Assigned task:
Every entry needs to be duplicated exactly.
----------
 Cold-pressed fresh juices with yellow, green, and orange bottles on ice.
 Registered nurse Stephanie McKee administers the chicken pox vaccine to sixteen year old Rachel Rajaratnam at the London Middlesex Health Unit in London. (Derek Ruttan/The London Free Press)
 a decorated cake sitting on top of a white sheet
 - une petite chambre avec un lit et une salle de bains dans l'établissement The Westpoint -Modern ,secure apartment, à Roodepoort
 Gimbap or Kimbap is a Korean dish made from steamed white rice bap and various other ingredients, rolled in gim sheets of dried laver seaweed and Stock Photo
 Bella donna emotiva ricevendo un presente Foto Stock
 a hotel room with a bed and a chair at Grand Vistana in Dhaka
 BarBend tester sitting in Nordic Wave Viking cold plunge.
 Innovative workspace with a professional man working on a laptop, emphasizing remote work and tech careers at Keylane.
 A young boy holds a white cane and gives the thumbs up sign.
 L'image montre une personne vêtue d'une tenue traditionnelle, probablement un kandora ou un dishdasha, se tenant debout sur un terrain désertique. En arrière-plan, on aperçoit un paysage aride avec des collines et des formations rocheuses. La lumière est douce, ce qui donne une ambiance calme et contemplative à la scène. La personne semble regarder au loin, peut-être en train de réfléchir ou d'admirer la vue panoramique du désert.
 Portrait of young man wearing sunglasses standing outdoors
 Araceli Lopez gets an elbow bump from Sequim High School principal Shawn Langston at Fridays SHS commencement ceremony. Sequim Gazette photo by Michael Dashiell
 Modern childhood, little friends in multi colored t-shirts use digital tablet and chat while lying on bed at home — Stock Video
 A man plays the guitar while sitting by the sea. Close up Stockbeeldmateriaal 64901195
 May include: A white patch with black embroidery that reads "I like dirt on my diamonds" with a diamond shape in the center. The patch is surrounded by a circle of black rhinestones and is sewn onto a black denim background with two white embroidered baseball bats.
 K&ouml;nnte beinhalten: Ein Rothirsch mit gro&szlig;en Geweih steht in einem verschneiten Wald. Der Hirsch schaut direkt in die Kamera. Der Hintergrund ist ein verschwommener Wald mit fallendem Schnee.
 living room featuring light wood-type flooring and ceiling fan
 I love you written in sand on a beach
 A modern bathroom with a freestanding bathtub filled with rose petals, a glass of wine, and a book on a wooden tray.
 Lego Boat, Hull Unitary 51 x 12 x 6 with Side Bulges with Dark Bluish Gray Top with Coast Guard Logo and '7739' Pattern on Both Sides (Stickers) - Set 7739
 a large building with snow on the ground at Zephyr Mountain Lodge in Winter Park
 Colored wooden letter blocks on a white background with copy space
----------
Solution to this problem:
 Cold-pressed fresh juices with yellow, green, and orange bottles on ice.
 Registered nurse Stephanie McKee administers the chicken pox vaccine to sixteen year old Rachel Rajaratnam at the London Middlesex Health Unit in London. (Derek Ruttan/The London Free Press)
 a decorated cake sitting on top of a white sheet
 - une petite chambre avec un lit et une salle de bains dans l'établissement The Westpoint -Modern ,secure apartment, à Roodepoort
 Gimbap or Kimbap is a Korean dish made from steamed white rice bap and various other ingredients, rolled in gim sheets of dried laver seaweed and Stock Photo
 Bella donna emotiva ricevendo un presente Foto Stock
 a hotel room with a bed and a chair at Grand Vistana in Dhaka
 BarBend tester sitting in Nordic Wave Viking cold plunge.
 Innovative workspace with a professional man working on a laptop, emphasizing remote work and tech careers at Keylane.
 A young boy holds a white cane and gives the thumbs up sign.
 L'image montre une personne vêtue d'une tenue traditionnelle, probablement un kandora ou un dishdasha, se tenant debout sur un terrain désertique. En arrière-plan, on aperçoit un paysage aride avec des collines et des formations rocheuses. La lumière est douce, ce qui donne une ambiance calme et contemplative à la scène. La personne semble regarder au loin, peut-être en train de réfléchir ou d'admirer la vue panoramique du désert.
 Portrait of young man wearing sunglasses standing outdoors
 Araceli Lopez gets an elbow bump from Sequim High School principal Shawn Langston at Fridays SHS commencement ceremony. Sequim Gazette photo by Michael Dashiell
 Modern childhood, little friends in multi colored t-shirts use digital tablet and chat while lying on bed at home — Stock Video
 A man plays the guitar while sitting by the sea. Close up Stockbeeldmateriaal 64901195
 May include: A white patch with black embroidery that reads "I like dirt on my diamonds" with a diamond shape in the center. The patch is surrounded by a circle of black rhinestones and is sewn onto a black denim background with two white embroidered baseball bats.
 K&ouml;nnte beinhalten: Ein Rothirsch mit gro&szlig;en Geweih steht in einem verschneiten Wald. Der Hirsch schaut direkt in die Kamera. Der Hintergrund ist ein verschwommener Wald mit fallendem Schnee.
 living room featuring light wood-type flooring and ceiling fan
 I love you written in sand on a beach
 A modern bathroom with a freestanding bathtub filled with rose petals, a glass of wine, and a book on a wooden tray.
 Lego Boat, Hull Unitary 51 x 12 x 6 with Side Bulges with Dark Bluish Gray Top with Coast Guard Logo and '7739' Pattern on Both Sides (Stickers) - Set 7739
 a large building with snow on the ground at Zephyr Mountain Lodge in Winter Park
 Colored wooden letter blocks on a white background with copy space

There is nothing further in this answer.